● **Assignment**:
Please write out, exactly as given, every line of the entries below up to and including the line with "Long 16 Ft Runner".

[Dataset records]
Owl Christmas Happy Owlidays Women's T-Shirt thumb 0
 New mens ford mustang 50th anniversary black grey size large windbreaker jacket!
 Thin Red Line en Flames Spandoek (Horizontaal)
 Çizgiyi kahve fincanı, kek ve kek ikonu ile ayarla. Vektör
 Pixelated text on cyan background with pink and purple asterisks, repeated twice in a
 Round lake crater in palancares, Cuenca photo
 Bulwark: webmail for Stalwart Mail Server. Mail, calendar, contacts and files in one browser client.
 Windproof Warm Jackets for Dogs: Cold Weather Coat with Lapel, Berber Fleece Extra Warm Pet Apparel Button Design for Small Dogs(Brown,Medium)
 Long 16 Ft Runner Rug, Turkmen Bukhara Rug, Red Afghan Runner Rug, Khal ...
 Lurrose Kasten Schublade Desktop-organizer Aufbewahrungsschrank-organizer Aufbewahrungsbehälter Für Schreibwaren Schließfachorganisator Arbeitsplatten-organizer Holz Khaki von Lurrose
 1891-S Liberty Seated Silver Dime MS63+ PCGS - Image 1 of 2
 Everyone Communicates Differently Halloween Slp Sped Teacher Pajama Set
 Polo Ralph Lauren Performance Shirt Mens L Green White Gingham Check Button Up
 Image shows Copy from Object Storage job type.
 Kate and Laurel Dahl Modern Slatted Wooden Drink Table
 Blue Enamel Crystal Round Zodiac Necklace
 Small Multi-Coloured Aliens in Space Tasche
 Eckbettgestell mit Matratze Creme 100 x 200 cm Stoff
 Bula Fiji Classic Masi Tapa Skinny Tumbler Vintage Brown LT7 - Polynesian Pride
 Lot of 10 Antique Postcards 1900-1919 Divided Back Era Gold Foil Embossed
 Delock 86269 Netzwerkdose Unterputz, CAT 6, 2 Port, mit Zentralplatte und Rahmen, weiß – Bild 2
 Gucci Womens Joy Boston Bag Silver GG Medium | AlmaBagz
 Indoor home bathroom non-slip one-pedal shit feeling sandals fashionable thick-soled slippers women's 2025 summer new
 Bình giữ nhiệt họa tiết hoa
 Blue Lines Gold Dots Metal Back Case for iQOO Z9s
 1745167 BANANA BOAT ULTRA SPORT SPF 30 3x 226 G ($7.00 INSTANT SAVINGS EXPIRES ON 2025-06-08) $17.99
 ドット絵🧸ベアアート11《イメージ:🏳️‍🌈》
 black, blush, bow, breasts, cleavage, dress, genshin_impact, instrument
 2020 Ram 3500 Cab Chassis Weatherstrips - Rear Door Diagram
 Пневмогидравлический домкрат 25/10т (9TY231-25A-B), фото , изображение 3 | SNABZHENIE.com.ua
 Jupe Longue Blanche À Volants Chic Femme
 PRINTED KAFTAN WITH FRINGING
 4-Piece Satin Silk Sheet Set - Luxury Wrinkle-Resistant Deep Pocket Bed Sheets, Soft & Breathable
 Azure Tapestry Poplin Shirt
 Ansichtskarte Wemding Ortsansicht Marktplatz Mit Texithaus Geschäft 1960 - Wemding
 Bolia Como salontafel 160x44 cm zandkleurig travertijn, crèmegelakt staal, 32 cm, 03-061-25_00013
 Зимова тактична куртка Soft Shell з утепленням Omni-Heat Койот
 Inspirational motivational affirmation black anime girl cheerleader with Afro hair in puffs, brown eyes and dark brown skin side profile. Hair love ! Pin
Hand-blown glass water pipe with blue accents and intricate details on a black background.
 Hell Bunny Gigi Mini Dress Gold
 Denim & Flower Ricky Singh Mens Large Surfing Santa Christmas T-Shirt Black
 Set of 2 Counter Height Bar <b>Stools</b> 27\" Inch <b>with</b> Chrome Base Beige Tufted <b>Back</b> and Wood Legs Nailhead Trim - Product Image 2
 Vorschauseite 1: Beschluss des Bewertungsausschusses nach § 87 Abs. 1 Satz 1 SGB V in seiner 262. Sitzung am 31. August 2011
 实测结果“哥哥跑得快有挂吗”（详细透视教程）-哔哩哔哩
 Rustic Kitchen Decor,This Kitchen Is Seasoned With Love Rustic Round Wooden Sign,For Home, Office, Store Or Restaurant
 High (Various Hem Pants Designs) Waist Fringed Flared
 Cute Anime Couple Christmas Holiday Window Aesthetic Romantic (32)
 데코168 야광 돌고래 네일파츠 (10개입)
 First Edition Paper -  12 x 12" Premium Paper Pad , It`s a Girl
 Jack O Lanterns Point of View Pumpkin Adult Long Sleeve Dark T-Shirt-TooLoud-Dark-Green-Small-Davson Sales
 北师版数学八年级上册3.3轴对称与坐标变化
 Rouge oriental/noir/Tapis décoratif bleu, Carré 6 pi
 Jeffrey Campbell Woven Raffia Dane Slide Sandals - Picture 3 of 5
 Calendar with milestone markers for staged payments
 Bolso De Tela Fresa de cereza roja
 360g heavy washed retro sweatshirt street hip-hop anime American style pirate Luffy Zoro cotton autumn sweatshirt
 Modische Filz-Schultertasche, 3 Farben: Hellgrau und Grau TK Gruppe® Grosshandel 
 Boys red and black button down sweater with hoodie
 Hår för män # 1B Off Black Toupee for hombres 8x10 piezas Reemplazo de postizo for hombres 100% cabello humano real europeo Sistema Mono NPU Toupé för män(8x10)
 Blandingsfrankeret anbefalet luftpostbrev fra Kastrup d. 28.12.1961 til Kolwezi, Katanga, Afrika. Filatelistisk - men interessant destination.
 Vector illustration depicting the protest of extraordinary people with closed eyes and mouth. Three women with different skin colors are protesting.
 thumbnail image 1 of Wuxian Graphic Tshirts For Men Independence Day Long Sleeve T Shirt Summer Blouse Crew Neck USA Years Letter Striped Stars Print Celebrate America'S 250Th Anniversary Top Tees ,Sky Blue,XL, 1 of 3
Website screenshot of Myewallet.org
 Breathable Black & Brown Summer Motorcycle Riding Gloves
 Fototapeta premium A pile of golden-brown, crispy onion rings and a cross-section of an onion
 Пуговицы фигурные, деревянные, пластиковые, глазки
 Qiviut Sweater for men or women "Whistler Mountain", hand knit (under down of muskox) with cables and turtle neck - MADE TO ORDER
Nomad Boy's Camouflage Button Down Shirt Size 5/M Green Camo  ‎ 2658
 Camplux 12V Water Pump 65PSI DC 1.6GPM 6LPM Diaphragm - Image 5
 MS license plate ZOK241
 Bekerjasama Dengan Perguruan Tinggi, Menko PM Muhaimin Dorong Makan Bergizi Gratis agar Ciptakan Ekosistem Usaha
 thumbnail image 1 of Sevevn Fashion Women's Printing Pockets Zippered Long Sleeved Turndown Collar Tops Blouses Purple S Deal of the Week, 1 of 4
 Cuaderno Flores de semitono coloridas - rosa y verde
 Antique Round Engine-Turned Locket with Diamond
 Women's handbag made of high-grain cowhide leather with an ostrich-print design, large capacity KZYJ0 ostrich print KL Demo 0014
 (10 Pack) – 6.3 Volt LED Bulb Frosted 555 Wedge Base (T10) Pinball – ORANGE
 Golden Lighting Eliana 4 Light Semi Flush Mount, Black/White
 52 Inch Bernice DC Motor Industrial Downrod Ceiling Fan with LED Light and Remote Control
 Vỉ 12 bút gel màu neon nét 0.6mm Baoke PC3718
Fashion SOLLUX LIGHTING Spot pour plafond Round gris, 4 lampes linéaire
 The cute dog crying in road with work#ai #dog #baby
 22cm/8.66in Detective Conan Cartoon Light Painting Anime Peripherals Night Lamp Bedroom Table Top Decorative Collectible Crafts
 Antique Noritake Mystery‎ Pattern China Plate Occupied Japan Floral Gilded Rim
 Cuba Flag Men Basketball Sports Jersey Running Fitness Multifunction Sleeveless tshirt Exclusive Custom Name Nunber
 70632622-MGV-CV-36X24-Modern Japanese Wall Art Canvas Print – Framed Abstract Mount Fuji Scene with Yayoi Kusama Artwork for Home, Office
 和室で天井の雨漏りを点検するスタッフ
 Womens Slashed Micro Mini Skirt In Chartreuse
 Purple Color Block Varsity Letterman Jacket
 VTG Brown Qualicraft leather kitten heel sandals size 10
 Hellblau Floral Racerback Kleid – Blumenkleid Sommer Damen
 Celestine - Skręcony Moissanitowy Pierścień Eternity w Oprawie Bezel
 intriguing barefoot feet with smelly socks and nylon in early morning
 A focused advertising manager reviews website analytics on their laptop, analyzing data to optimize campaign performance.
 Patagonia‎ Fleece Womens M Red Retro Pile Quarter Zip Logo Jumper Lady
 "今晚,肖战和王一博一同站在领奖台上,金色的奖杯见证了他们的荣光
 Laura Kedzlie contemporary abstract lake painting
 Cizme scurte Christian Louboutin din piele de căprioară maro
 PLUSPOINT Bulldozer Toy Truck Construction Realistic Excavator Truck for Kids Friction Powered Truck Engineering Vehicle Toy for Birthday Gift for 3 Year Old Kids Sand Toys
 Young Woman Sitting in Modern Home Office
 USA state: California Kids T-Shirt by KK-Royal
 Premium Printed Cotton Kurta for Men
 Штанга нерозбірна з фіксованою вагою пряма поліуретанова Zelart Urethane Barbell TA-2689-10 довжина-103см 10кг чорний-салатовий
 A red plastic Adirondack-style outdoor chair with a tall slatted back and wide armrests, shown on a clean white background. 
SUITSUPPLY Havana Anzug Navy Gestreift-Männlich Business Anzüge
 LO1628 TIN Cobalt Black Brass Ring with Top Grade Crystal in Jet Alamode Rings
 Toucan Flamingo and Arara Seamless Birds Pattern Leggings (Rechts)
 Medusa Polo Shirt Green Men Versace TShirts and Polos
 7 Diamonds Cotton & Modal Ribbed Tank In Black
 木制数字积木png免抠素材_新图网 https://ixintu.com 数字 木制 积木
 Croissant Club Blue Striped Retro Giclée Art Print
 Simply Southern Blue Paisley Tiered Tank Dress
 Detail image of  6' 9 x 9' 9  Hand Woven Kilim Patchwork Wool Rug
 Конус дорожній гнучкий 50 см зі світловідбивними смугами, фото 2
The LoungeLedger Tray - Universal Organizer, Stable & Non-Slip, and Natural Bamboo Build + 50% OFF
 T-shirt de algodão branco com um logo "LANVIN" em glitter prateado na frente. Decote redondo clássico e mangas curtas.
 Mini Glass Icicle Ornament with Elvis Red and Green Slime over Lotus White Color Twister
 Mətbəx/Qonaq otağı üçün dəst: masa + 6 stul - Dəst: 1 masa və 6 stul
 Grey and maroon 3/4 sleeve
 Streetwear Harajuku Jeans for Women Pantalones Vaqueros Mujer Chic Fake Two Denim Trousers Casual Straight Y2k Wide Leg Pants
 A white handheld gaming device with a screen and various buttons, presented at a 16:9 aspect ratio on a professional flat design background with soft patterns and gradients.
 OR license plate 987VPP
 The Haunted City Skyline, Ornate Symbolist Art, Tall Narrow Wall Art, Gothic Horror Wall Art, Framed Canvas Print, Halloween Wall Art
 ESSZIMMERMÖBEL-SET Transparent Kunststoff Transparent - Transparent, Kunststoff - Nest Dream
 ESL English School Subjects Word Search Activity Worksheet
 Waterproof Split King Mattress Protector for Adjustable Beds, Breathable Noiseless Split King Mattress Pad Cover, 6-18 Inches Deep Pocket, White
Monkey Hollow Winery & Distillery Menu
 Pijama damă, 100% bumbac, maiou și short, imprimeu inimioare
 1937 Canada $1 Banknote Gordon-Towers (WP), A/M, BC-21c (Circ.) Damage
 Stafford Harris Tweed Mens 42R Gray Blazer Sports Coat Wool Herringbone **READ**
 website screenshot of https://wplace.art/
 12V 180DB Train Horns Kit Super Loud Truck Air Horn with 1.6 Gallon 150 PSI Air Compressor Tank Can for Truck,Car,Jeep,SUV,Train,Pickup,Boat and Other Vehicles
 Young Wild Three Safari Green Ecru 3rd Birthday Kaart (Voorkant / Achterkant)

● **Completed exercise**:
Owl Christmas Happy Owlidays Women's T-Shirt thumb 0
 New mens ford mustang 50th anniversary black grey size large windbreaker jacket!
 Thin Red Line en Flames Spandoek (Horizontaal)
 Çizgiyi kahve fincanı, kek ve kek ikonu ile ayarla. Vektör
 Pixelated text on cyan background with pink and purple asterisks, repeated twice in a
 Round lake crater in palancares, Cuenca photo
 Bulwark: webmail for Stalwart Mail Server. Mail, calendar, contacts and files in one browser client.
 Windproof Warm Jackets for Dogs: Cold Weather Coat with Lapel, Berber Fleece Extra Warm Pet Apparel Button Design for Small Dogs(Brown,Medium)
 Long 16 Ft Runner Rug, Turkmen Bukhara Rug, Red Afghan Runner Rug, Khal ...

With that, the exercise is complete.